Re: Free Space Map data structure

From: Hannu Krosing <hannu(at)krosing(dot)net>
To: Pavan Deolasee <pavan(dot)deolasee(at)gmail(dot)com>
Cc: Heikki Linnakangas <heikki(at)enterprisedb(dot)com>, PostgreSQL-development <pgsql-hackers(at)postgresql(dot)org>
Subject: Re: Free Space Map data structure
Date: 2008-04-09 12:49:58
Message-ID: 1207745398.7189.21.camel@huvostro
Views: Raw Message | Whole Thread | Download mbox | Resend email
Thread:
Lists: pgsql-hackers


On Wed, 2008-04-09 at 10:17 +0530, Pavan Deolasee wrote:
> On Wed, Apr 9, 2008 at 12:22 AM, Heikki Linnakangas
> <heikki(at)enterprisedb(dot)com> wrote:
>
> >
> > Well, if you add the higher levels, we're no longer talking about O(1), but
> > O(log n) (for a pretty steep logarithm), just like my proposal.
> >
>
> For updates, I would still call it O(1) because the number of levels is limited
> and a very small number.
>
>
> >
> > It's actually not that orthogonal. You describe it as a hierarchical
> > bitmap, but it's essentially the same idea as the binary heap/tree, just
> > with way more than 2 children per parent.
> >
>
> Yes, I agree.
>
> Btw, I agree with Tom's point about the lock contention on the higher levels
> for FSM updates. What we can do is during normal operations, FSM pages
> are updated with a SHARE lock - so the information can best be considered
> only as hint. Hopefully, if we are only doing bit flipping, we won't go wrong
> often. And periodically, VACUUM would correct any mistakes in FSM info.
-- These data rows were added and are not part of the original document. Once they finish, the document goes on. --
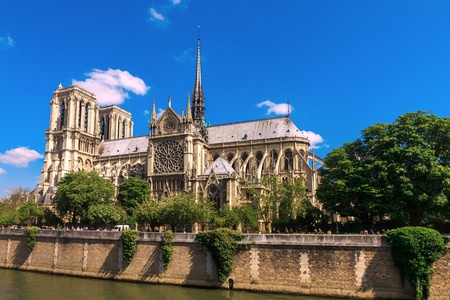 Notre Dame, Autorské právo: olgacov / 123RF Reklamní fotografie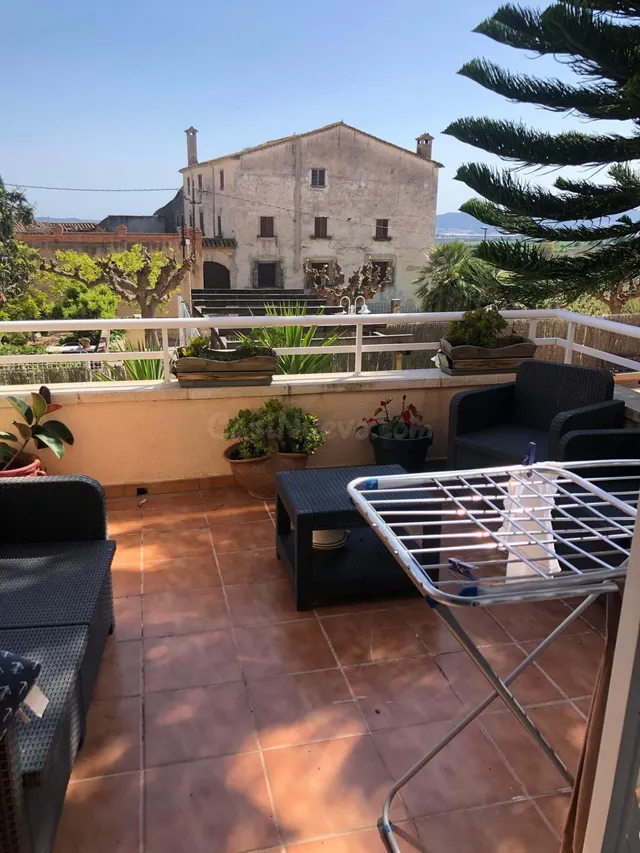 CASA ADOSADA CON PISCINA COMUNITARIA EN LA TORREGASSA SANT J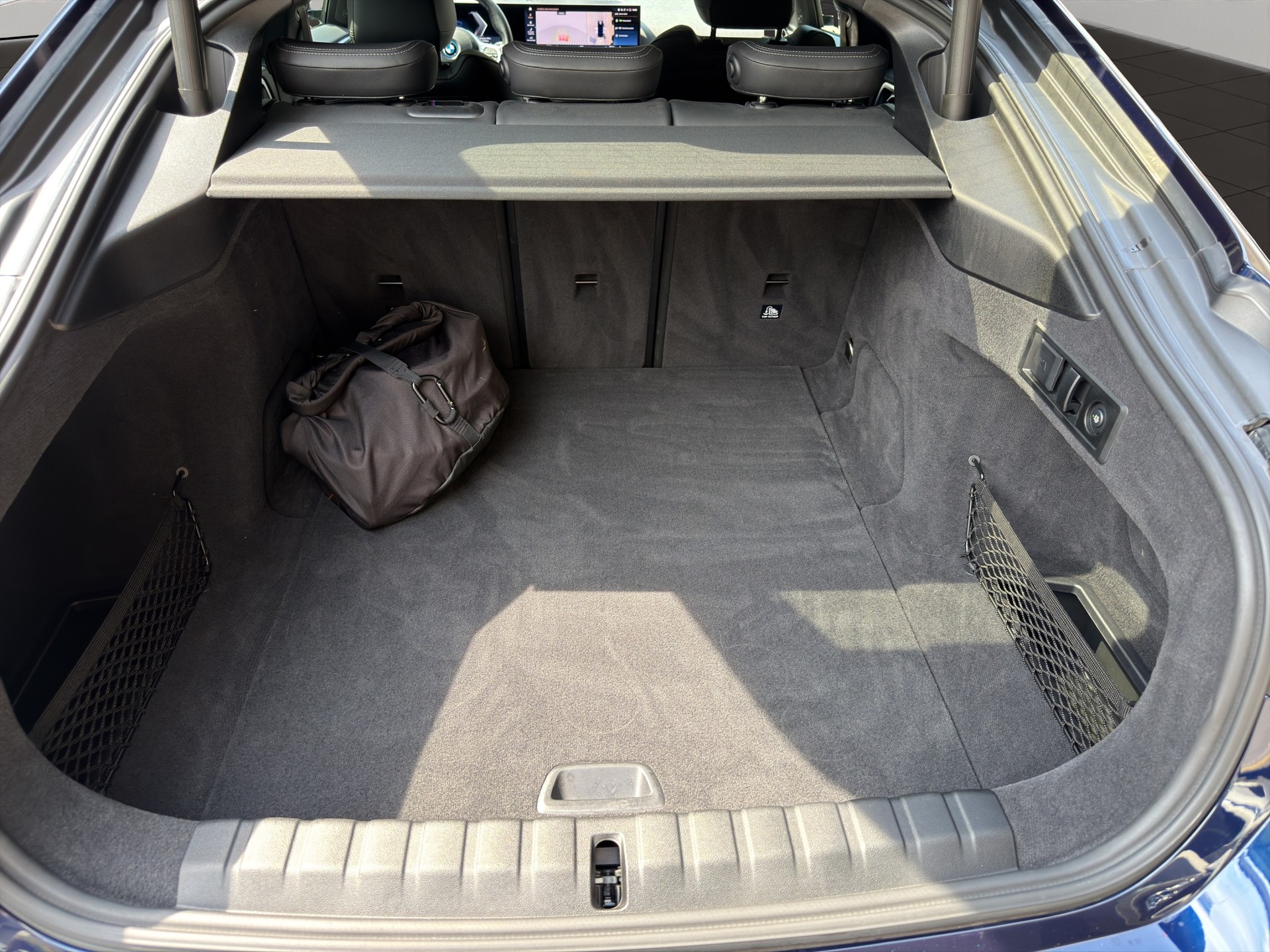 BMW i4 eDrive 40 M Sport Pro-image-20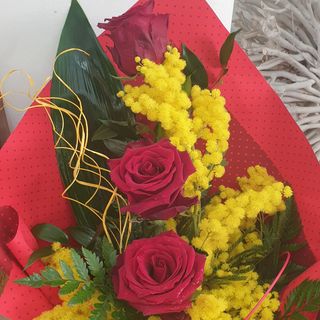 3 Rose rosse a gambo lungo a fascio 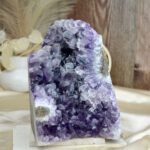 AMETYSTOVÁ drúza s dúhou #13- Božskosť, Intuícia, Rovnováha, pokojný Spánok-3 kg Extra kvalita Uruguay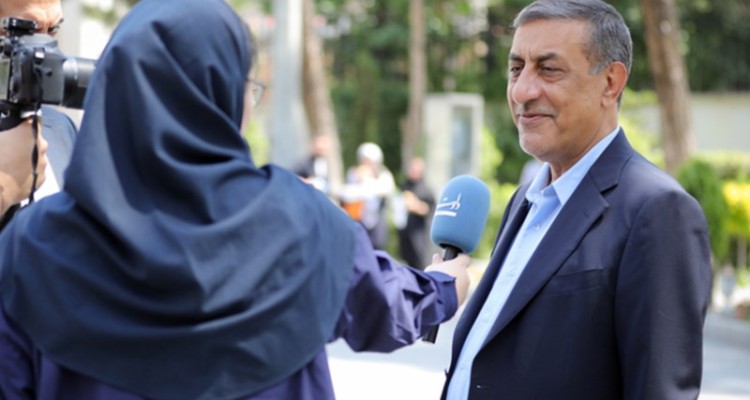 معاون اجرایی رییس‌جمهور: یارانه باید به دست مردم برسد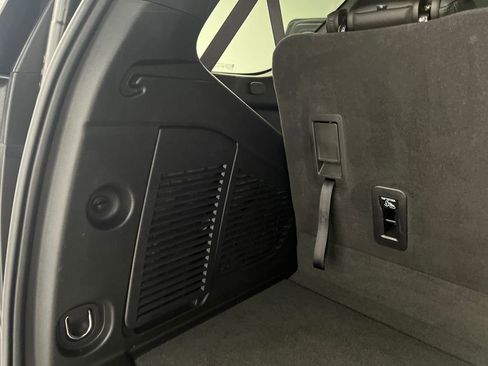 Used 2025 Chevrolet Tahoe LT image 36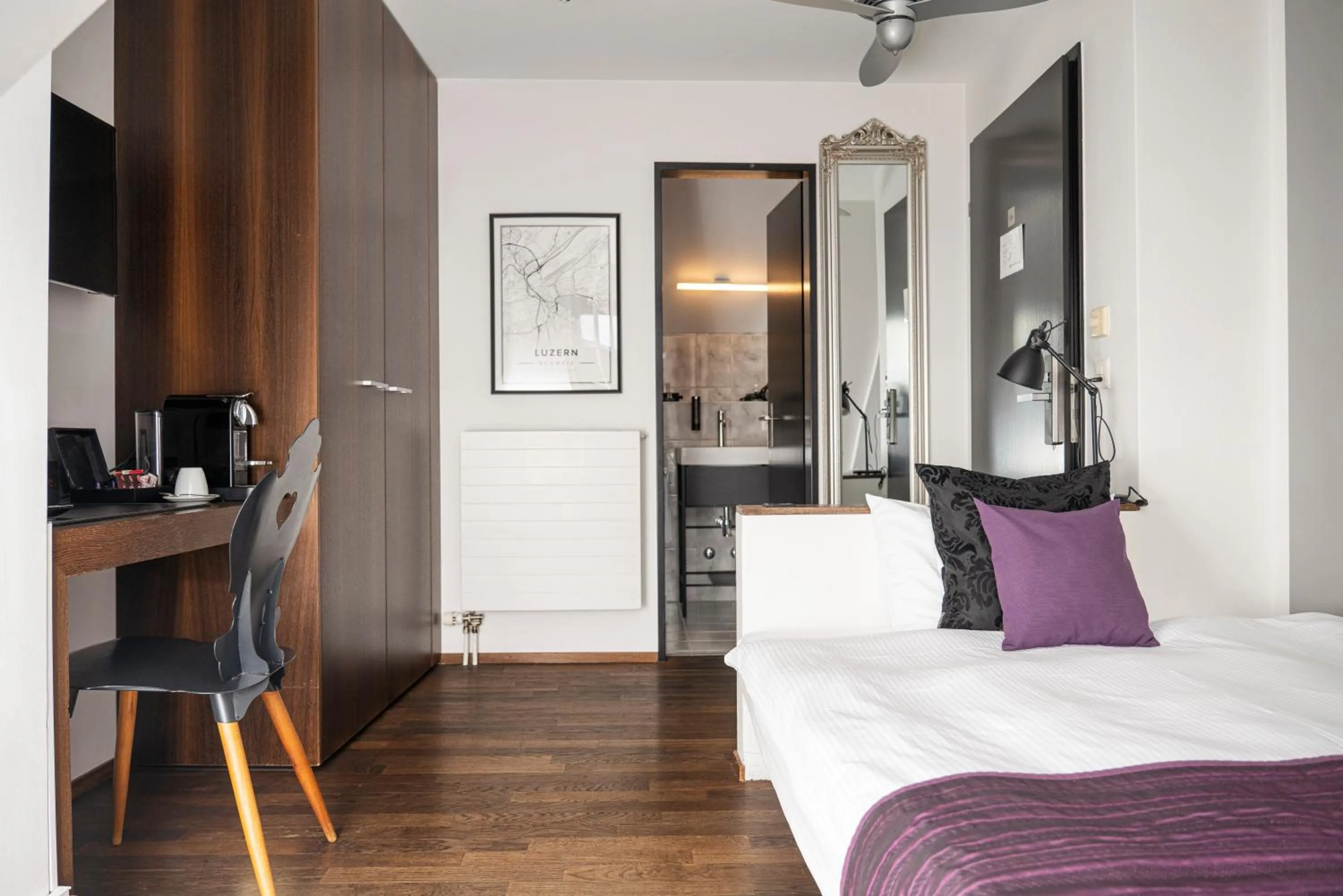 Single Room Grand lit in Boutique Hotel Weisses Kreuz - Adult only Hotel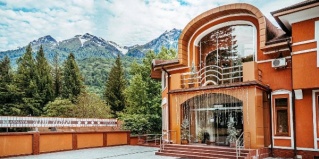 Красная Поляна: Отель Alm house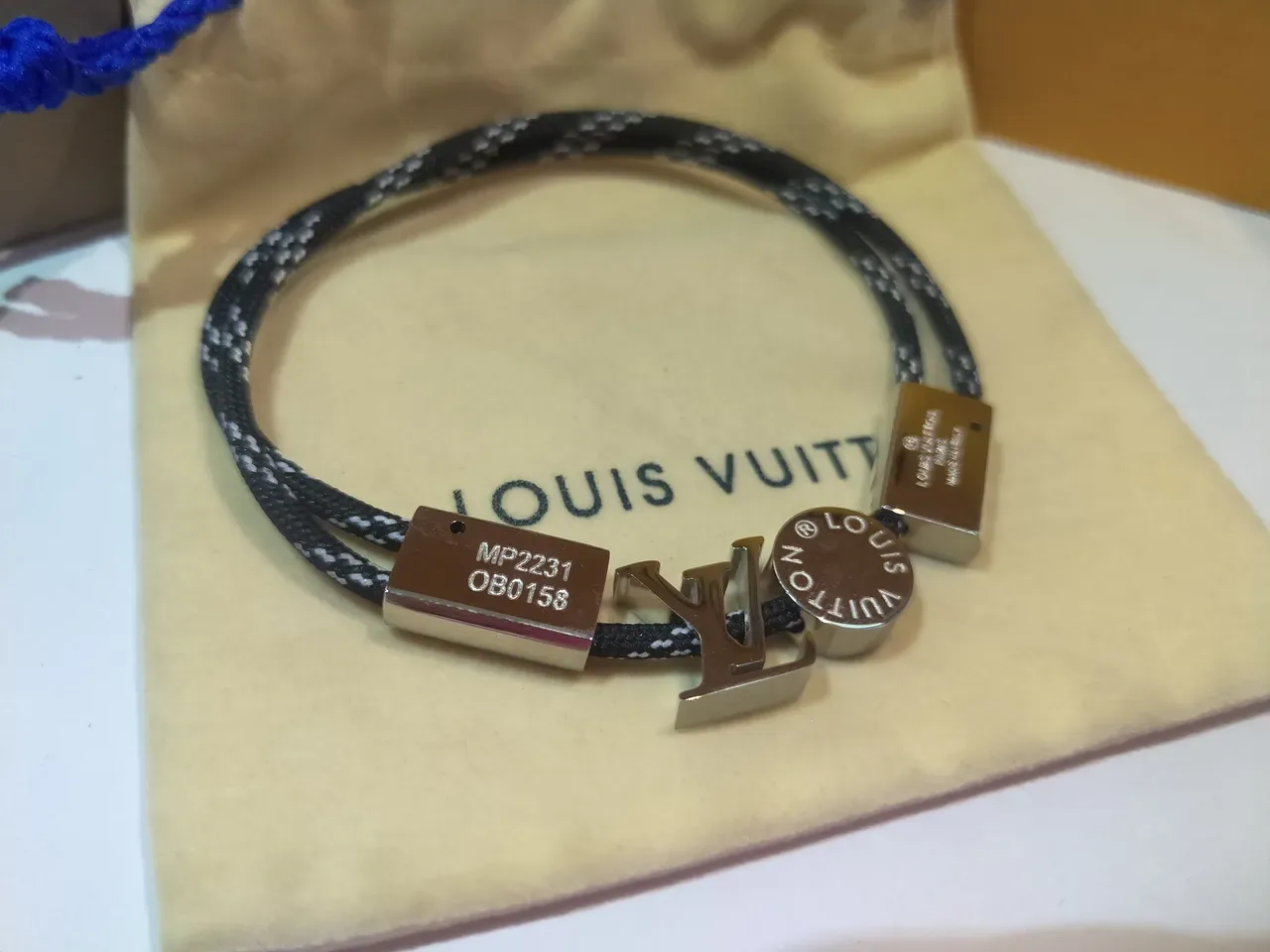 Bracelete Louis Vuitton LV Circle Preto e Branco Corda Trançada Ouro Rosa 5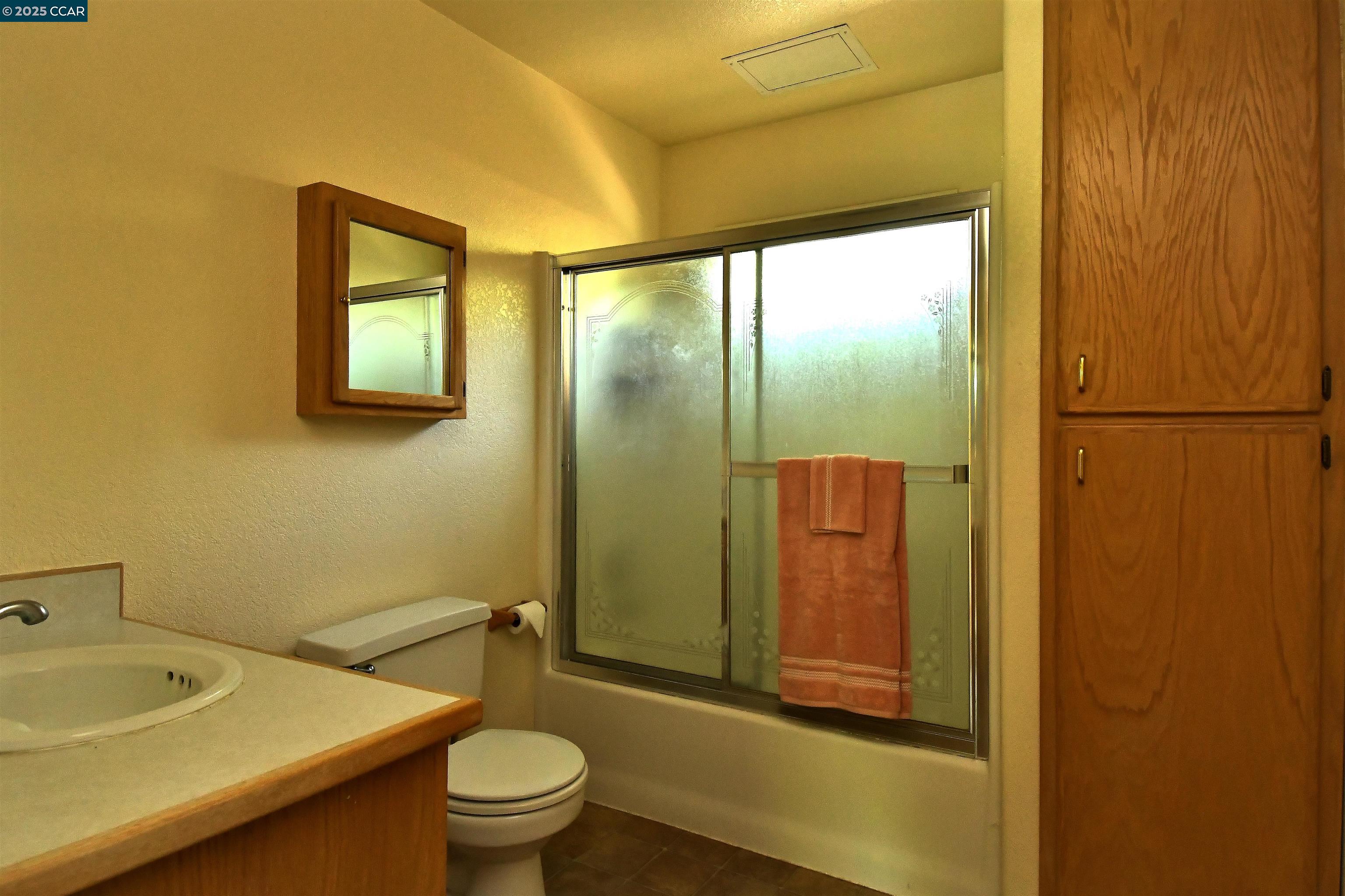 Detail Gallery Image 11 of 30 For 9687 Manzanita Way, Coulterville,  CA 95311 - 3 Beds | 2 Baths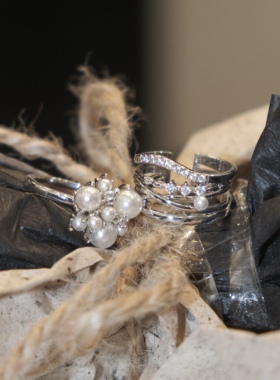 「配了一对」不规则金属水钻&满天星珍珠戒指 适合春夏的银色戒指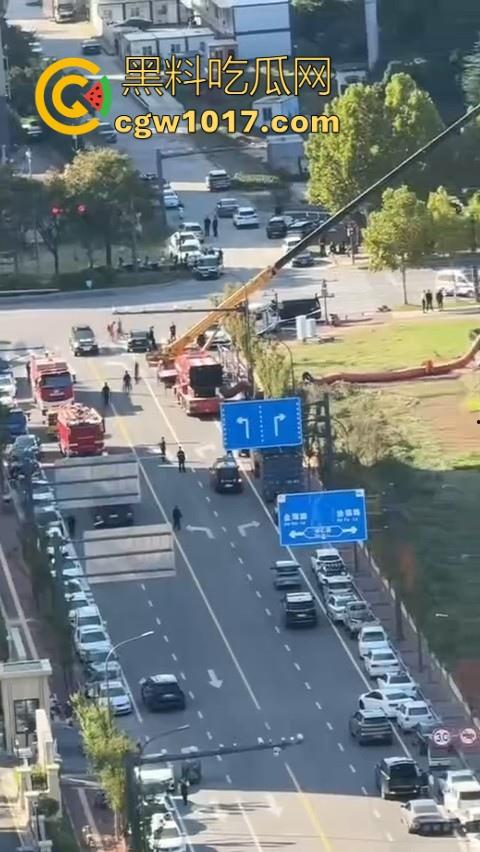 长春工地施工挖天然气挖出尸体,现场道路被封闭起来,怕是杀人灭口,抛死野外的,具体情况还得等待官方!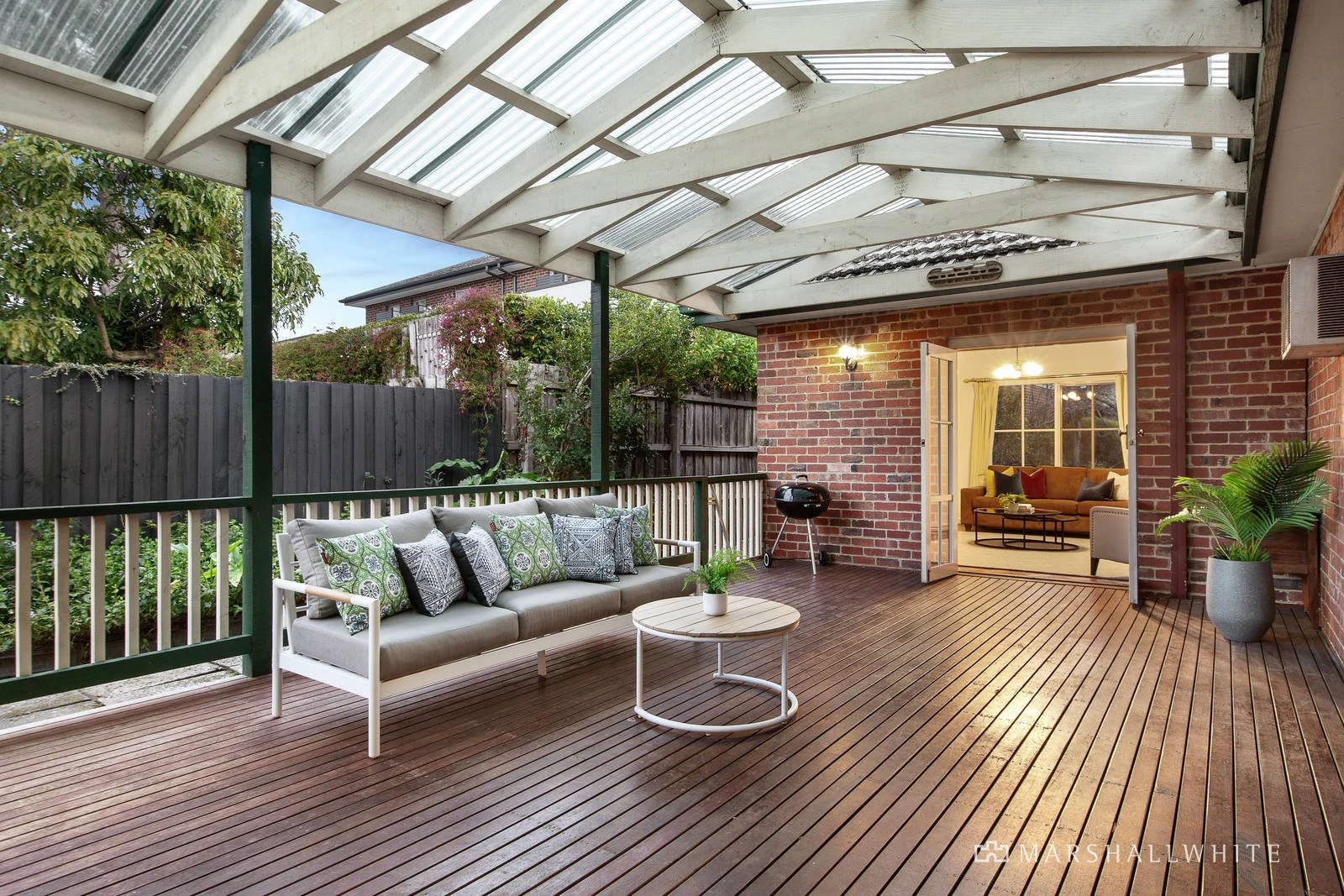13 Serpentine Street, Mont Albert, VIC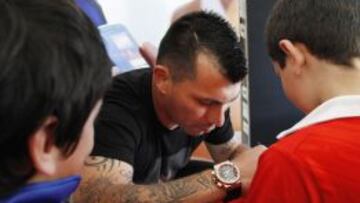 Gary Medel pidió que Jorge Sampaoli se quede hasta el Mundial de Rusia.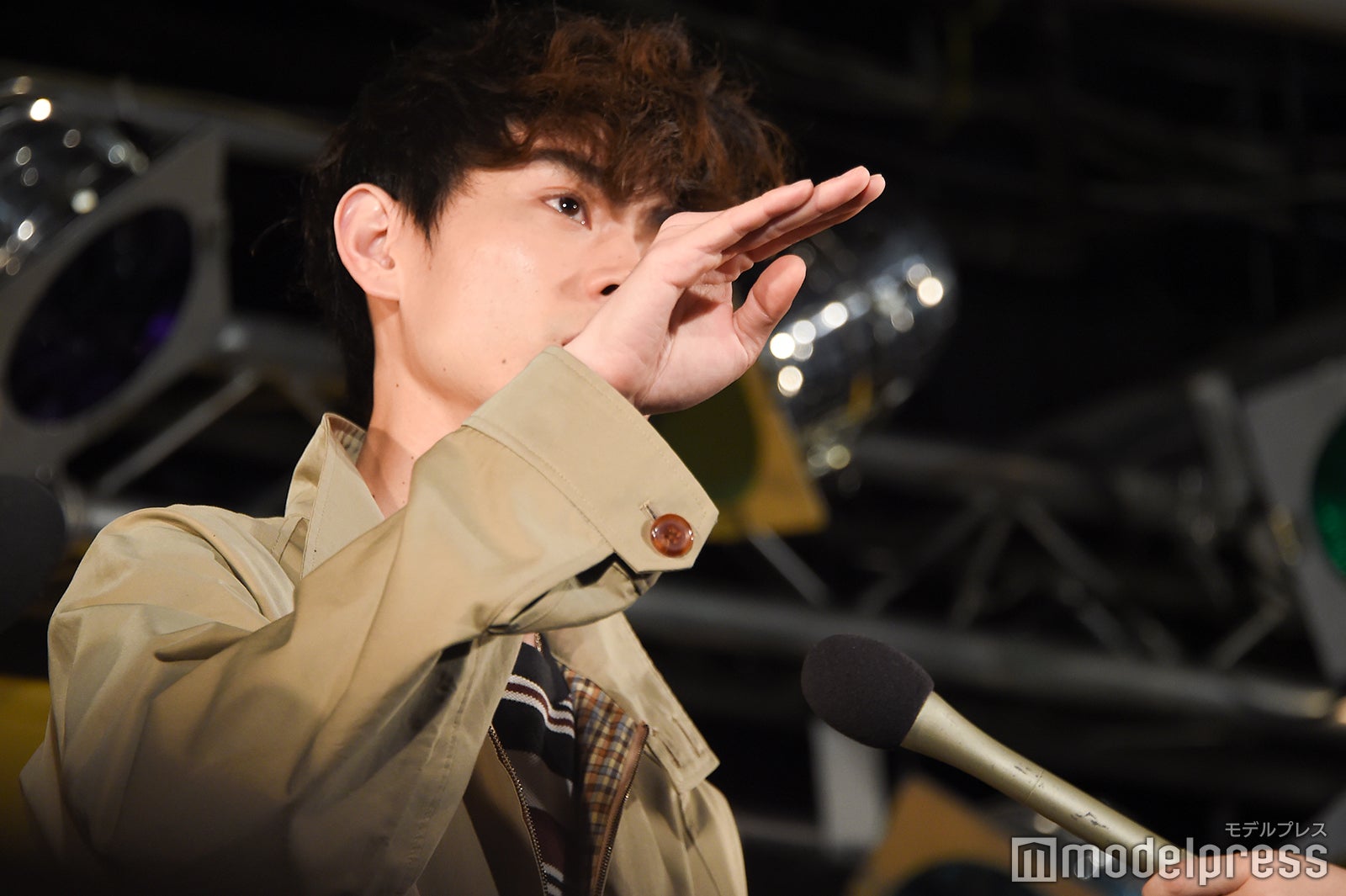 俳優生活10年を「感覚的には一歩一歩上がっている」と説明する菅田将暉（C）モデルプレス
Sabing 1 byte is an atomic op so if we update going from branches to
root and read from root to branches, then we can probably detect
inconsistencies when reading and then re-read.

What I'm more concerned about is L1 cache swapping between several
processors/cores, which could lead to content switch storms we used to
have in locking.

anyway, one thing to do for sure is to avoid storing info for new/last
page(s) appended by any process before that process is done filling it,
as that would lead to excessive up-tree max_free updates.

BTW, I'm pretty sure I have figured out the method for storing minimal
required binary tree as an array, where adding each page adds exactly
one upper node. The node added is often not the immediate parent, but is
always the one needed for covering all nodes.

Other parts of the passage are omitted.